The agent later accuses Khadr of using his injuries and emotional state to avoid the interrogation.
"No, you don't care about me," Khadr says.
Khadr also tells his interrogator that he was tortured while at the U.S. military detention center at the Bagram air base in Afghanistan, where he was first detained after his arrest in 2002.
Later on in the tape, a distraught Khadr is seen rocking, his face in his hands.
On the final day, the agent tells Khadr that he was "very disappointed" in Khadr's behavior, and tries to impress upon him that he should cooperate.
Khadr says he wants to go back to Canada.
"There's not anything I can do about that," the agent says.
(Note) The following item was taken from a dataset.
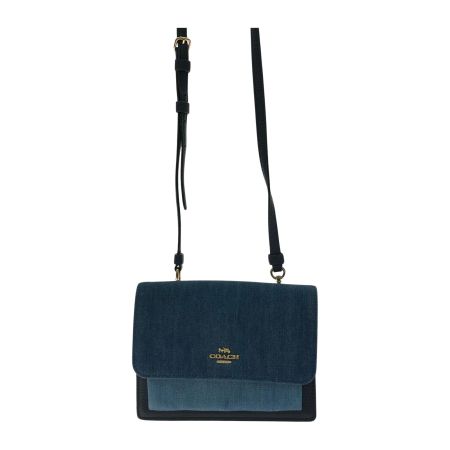  COACH コーチ レディース ショルダーバッグ デニムキャンバス 斜め掛け C3325 ブルー/バイカラー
Navy Lt. Cmdr. William Kuebler, Khadr's U.S. military lawyer, said the video shows "a frightened boy" who should be permitted to return to Canada. He said Khadr is cooperative at the beginning of the four-day stretch of interviews, because "he believed that if he was cooperative and told them what he thought they wanted to hear that they would take him home."
"So between Day One and Day Two he figures out that that is not going to happen and so you see a very emotional reaction on Day Two when this very scared 16-year-old boy finally figures out that the Canadians aren't going to do anything for him and are going to leave him there. He is devastated," Kuebler said.